Long live the bloodworm
When minnows aren't working, it's time to try these winter wigglers
Despite what many anglers believe—at least if you watch how they fish—a minnow isn't always the solution to your ice fishing presentation problems, especially when you're fishing for yellow perch, black crappies and speckled trout.
I was thinking about this the other day when grandson Liam and I were jigging for walleyes and watching what we were certain were big bonus yellow perch swimming up to look at our minnow tipped Flasher Jigs.
They looked ... but they didn't bite.
Well, they did bite, but only after we dropped down much smaller red and white tungsten jigs tipped with bloodworm imitations.
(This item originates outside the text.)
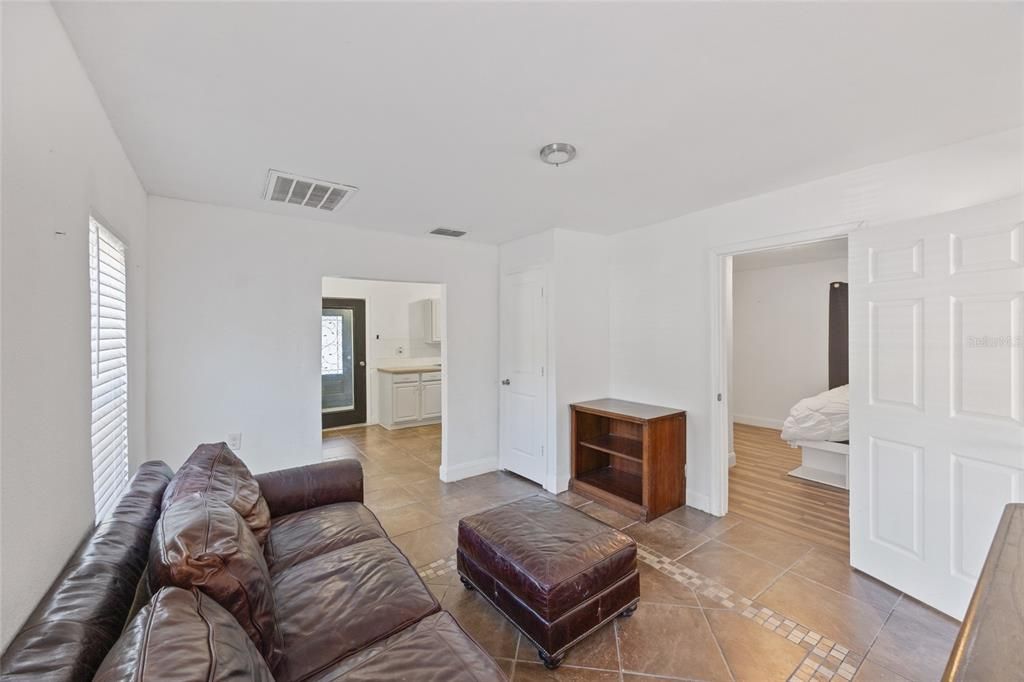 En Venta: $209,900 (2 camas, 1 baños, 833 Pies cuadrados)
We barely had time to flip over the bails on our reels, after our bugs reached bottom, before a husky jumbo perch would suck it greedily.
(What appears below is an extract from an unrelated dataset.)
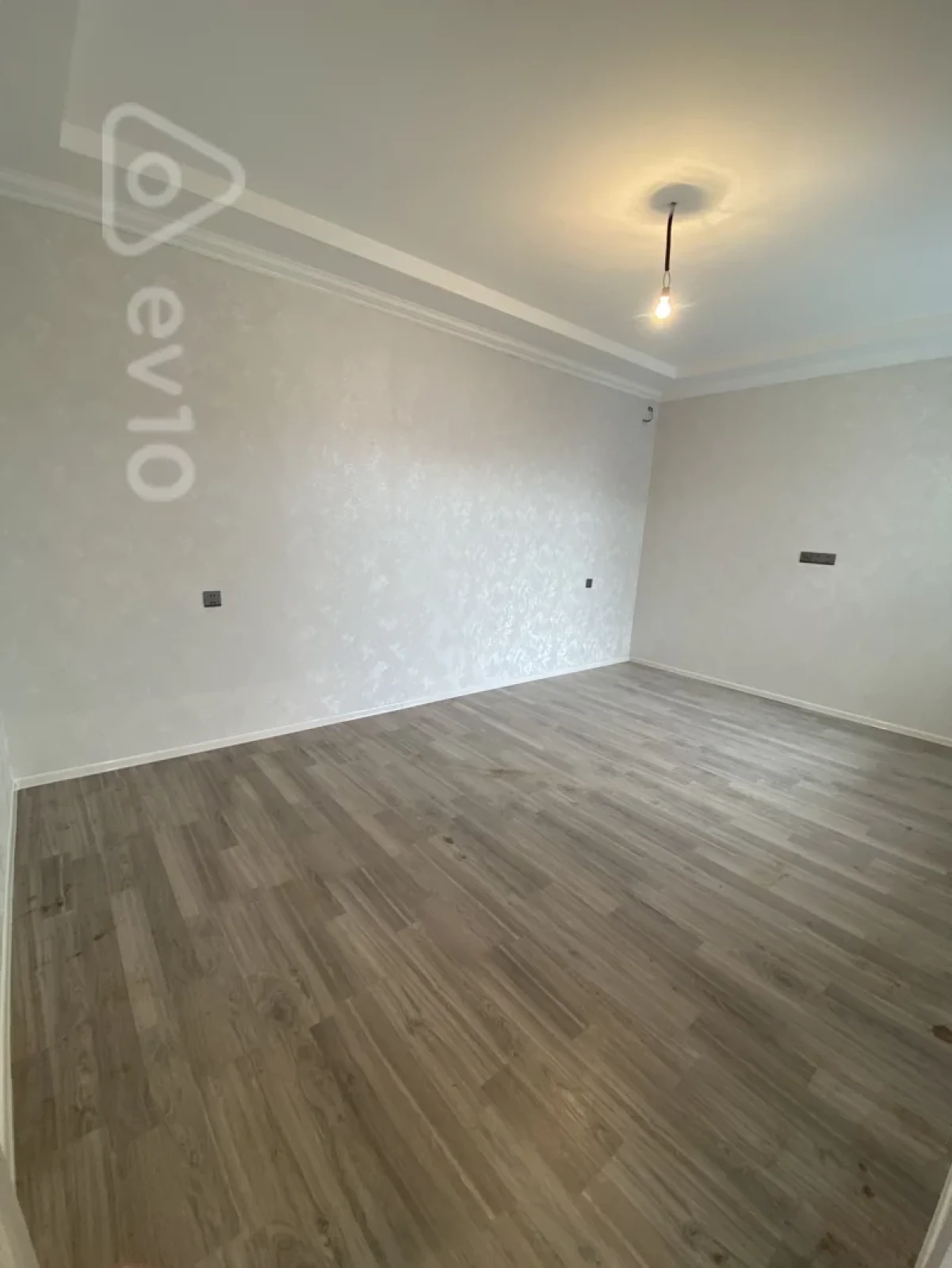 Satılır 3 otaqlı həyət evi 125 m²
It is the endearing power of the midge/chironomid larvae or, as it is better known, the bloodworm.
Chironomids are crucial recyclers of nutrients, converting plant and animal matter on the bottom of a lake, river, reservoir, pit or pond into pounds of perch, black crappies and trout.
And while bloodworms fare well at the lake bottom interface where oxygen levels are sometimes reduced, anoxic conditions are not a prerequisite. Indeed, there are so many varieties of chironomids that you can find at least one or more members in just about every waterbody.
The life cycle begins when swarms of adult mosquito-like midges mate in mid-air and the ripe females skim across the surface of the lake, dipping their abdomens into the water, depositing their eggs. The miniscule seeds sink to the bottom, and within a couple of weeks hatch into billions of worm-like larvae with distinguishable body segments. The larvae subsequently make their homes in tiny tubes they construct on the bottom – using muck, mud and mucous – that stick up like millions of miniature smoke stacks.
Many of the worms are crimson in color (hence the bloodworm moniker). That colour comes from living in an oxygen-deficient habit, where the worms are forced to store oxygen in their blood. But not all are royal red. Many, in fact, are dark green, olive and various shades of brown.
As the larva mature over the winter and following spring, they eventually lock themselves up inside their now sealed off cocoon-like homes, mutate into pupae, grow even plumper, and then chew their way out of their high-rise apartments. Slowly ascending from the bottom on a bubble of gas tucked under their bellies, squadrons of pupa pop to the surface, wiggle to break through the film and then split their external cases. Adult feathery midges finally emerge, dry their wings and fly off to resume the cycle of life.
It is worth mentioning, too, that these are the bugs that look like mosquitoes, that swarm around your face, but don't bite.
In the winter, yellow perch, black crappies and just about every species of trout, gobble up chironomids with glee wherever, whenever and in whatever form they find them.
Right now, however, it is the larval segmented worm-like stage that is most important for ice anglers.
I've always found that tipping a small #6 or #8 Marmooska jig with one or two maggots works wonders when I find the fish dining on bloodworms. Another great option is putting a string of six or seven Trigger X or GULP! Euro larvae onto your hook. Last but not least, I've done extremely well pinching off a piece of red Gulp! Mini Earthworm.
Putting together the bloodworm lure package, however, is only half the battle. How you present the bait is equally critical, especially when the perch are picky.
Unlike many aquatic insects, larval chironomids are not movers and shakers. While they have the ability to swim freely, for the most part, they’re homebodies preferring the safety and security of their mud and mucous smoke stack shelters. When the worms do wiggle away it is usually never too far, not for long and rarely in an aggressive manner. Which is why most days, a do-nothing tight line presentation is often the best way to present your bait and catch fish.